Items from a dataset
..........

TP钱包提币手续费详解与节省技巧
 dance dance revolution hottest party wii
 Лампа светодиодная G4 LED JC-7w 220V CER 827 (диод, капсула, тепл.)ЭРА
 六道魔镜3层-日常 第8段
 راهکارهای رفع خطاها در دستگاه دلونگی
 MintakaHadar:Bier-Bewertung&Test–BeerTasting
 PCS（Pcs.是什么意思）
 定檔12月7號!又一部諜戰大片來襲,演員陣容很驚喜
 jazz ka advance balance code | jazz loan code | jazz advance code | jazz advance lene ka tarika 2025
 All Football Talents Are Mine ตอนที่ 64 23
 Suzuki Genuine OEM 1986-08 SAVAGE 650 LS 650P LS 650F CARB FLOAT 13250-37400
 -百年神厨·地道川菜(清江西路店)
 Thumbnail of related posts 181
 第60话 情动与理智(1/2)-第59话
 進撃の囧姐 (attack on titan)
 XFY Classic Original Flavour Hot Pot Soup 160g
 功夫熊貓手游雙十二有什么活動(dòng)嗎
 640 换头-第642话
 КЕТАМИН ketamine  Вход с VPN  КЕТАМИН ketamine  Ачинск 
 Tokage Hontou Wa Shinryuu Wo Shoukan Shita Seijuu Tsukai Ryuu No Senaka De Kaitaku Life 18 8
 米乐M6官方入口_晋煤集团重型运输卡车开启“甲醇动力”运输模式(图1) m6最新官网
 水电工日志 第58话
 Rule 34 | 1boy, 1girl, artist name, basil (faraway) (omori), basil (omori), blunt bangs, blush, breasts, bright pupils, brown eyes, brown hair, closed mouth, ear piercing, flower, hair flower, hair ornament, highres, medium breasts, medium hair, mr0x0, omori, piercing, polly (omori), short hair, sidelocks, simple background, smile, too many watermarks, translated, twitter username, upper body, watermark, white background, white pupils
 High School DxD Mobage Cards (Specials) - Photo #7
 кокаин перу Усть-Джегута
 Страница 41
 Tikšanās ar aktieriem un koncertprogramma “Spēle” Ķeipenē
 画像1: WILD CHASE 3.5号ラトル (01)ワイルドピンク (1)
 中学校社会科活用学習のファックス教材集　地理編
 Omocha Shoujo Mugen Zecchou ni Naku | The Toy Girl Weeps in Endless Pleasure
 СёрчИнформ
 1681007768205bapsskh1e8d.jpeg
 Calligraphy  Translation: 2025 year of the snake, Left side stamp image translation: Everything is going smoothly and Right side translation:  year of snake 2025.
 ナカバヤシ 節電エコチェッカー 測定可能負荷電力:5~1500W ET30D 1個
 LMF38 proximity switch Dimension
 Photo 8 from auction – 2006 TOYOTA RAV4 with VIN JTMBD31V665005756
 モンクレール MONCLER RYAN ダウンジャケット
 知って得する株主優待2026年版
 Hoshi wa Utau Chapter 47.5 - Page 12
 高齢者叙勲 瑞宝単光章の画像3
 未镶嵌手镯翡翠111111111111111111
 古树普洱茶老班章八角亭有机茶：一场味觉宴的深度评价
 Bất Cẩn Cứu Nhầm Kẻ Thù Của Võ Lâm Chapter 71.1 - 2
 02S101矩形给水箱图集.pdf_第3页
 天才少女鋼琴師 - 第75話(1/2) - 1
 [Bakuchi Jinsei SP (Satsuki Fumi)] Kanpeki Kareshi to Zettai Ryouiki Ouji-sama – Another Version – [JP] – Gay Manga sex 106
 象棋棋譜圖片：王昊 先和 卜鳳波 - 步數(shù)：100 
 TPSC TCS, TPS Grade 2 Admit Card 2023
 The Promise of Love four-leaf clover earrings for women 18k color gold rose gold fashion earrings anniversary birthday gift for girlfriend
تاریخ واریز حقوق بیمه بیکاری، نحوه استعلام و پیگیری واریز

..........

→ **Exercise instructions**:
Each record above must be restated in full, word for word.

→ **Response area**:
TP钱包提币手续费详解与节省技巧
 dance dance revolution hottest party wii
 Лампа светодиодная G4 LED JC-7w 220V CER 827 (диод, капсула, тепл.)ЭРА
 六道魔镜3层-日常 第8段
 راهکارهای رفع خطاها در دستگاه دلونگی
 MintakaHadar:Bier-Bewertung&Test–BeerTasting
 PCS（Pcs.是什么意思）
 定檔12月7號!又一部諜戰大片來襲,演員陣容很驚喜
 jazz ka advance balance code | jazz loan code | jazz advance code | jazz advance lene ka tarika 2025
 All Football Talents Are Mine ตอนที่ 64 23
 Suzuki Genuine OEM 1986-08 SAVAGE 650 LS 650P LS 650F CARB FLOAT 13250-37400
 -百年神厨·地道川菜(清江西路店)
 Thumbnail of related posts 181
 第60话 情动与理智(1/2)-第59话
 進撃の囧姐 (attack on titan)
 XFY Classic Original Flavour Hot Pot Soup 160g
 功夫熊貓手游雙十二有什么活動(dòng)嗎
 640 换头-第642话
 КЕТАМИН ketamine  Вход с VPN  КЕТАМИН ketamine  Ачинск 
 Tokage Hontou Wa Shinryuu Wo Shoukan Shita Seijuu Tsukai Ryuu No Senaka De Kaitaku Life 18 8
 米乐M6官方入口_晋煤集团重型运输卡车开启“甲醇动力”运输模式(图1) m6最新官网
 水电工日志 第58话
 Rule 34 | 1boy, 1girl, artist name, basil (faraway) (omori), basil (omori), blunt bangs, blush, breasts, bright pupils, brown eyes, brown hair, closed mouth, ear piercing, flower, hair flower, hair ornament, highres, medium breasts, medium hair, mr0x0, omori, piercing, polly (omori), short hair, sidelocks, simple background, smile, too many watermarks, translated, twitter username, upper body, watermark, white background, white pupils
 High School DxD Mobage Cards (Specials) - Photo #7
 кокаин перу Усть-Джегута
 Страница 41
 Tikšanās ar aktieriem un koncertprogramma “Spēle” Ķeipenē
 画像1: WILD CHASE 3.5号ラトル (01)ワイルドピンク (1)
 中学校社会科活用学習のファックス教材集　地理編
 Omocha Shoujo Mugen Zecchou ni Naku | The Toy Girl Weeps in Endless Pleasure
 СёрчИнформ
 1681007768205bapsskh1e8d.jpeg
 Calligraphy  Translation: 2025 year of the snake, Left side stamp image translation: Everything is going smoothly and Right side translation:  year of snake 2025.
 ナカバヤシ 節電エコチェッカー 測定可能負荷電力:5~1500W ET30D 1個
 LMF38 proximity switch Dimension
 Photo 8 from auction – 2006 TOYOTA RAV4 with VIN JTMBD31V665005756
 モンクレール MONCLER RYAN ダウンジャケット
 知って得する株主優待2026年版
 Hoshi wa Utau Chapter 47.5 - Page 12
 高齢者叙勲 瑞宝単光章の画像3
 未镶嵌手镯翡翠111111111111111111
 古树普洱茶老班章八角亭有机茶：一场味觉宴的深度评价
 Bất Cẩn Cứu Nhầm Kẻ Thù Của Võ Lâm Chapter 71.1 - 2
 02S101矩形给水箱图集.pdf_第3页
 天才少女鋼琴師 - 第75話(1/2) - 1
 [Bakuchi Jinsei SP (Satsuki Fumi)] Kanpeki Kareshi to Zettai Ryouiki Ouji-sama – Another Version – [JP] – Gay Manga sex 106
 象棋棋譜圖片：王昊 先和 卜鳳波 - 步數(shù)：100 
 TPSC TCS, TPS Grade 2 Admit Card 2023
 The Promise of Love four-leaf clover earrings for women 18k color gold rose gold fashion earrings anniversary birthday gift for girlfriend
تاریخ واریز حقوق بیمه بیکاری، نحوه استعلام و پیگیری واریز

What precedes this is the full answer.